#### Information provided ####

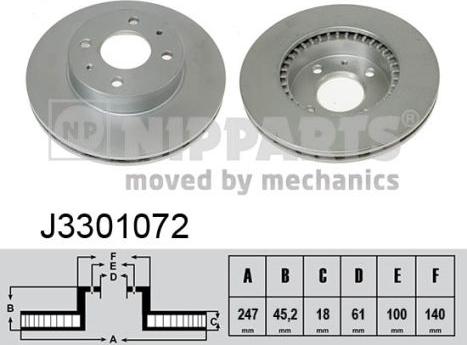 Nipparts J3301072 - Спирачен диск vvparts.bg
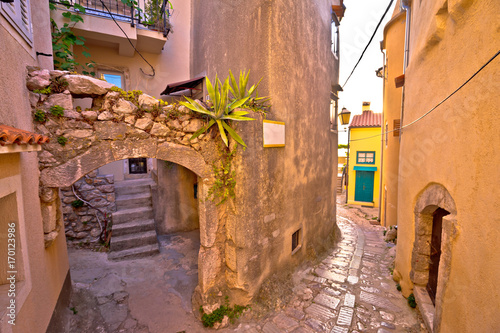 Colorful paved street of old adriatic town Vrbnik © xbrchx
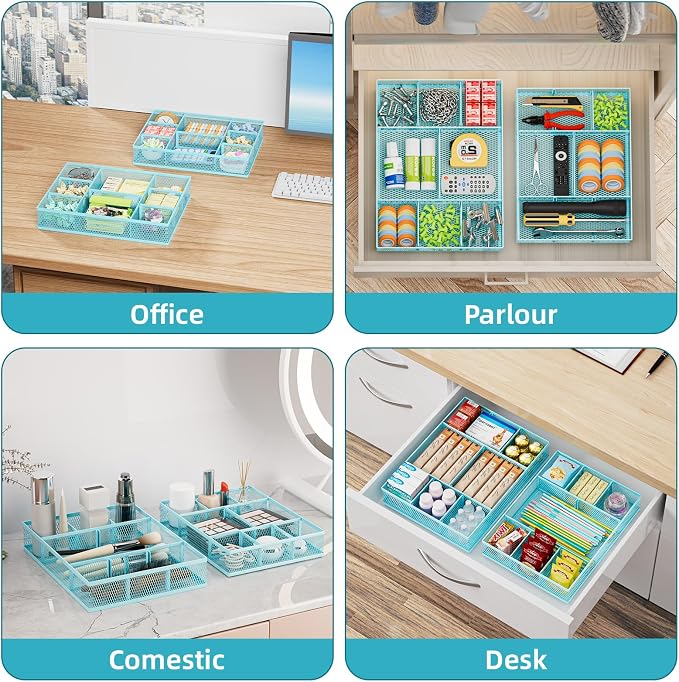 Marbrasse 2 Pack Desk Drawer Organizer, Mesh Drawer Organizer Tray with 8 Adjustable Compartments, Desk Organizers and Accessories, 5 Dividers Drawer for Office Supplies, Makeup & Vanity (Blue)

####

Task: Transcribe the listing above exactly, leaving every picture out.

Response:
 Nipparts J3301072 - Спирачен диск vvparts.bg
 Colorful paved street of old adriatic town Vrbnik © xbrchx
 Marbrasse 2 Pack Desk Drawer Organizer, Mesh Drawer Organizer Tray with 8 Adjustable Compartments, Desk Organizers and Accessories, 5 Dividers Drawer for Office Supplies, Makeup & Vanity (Blue)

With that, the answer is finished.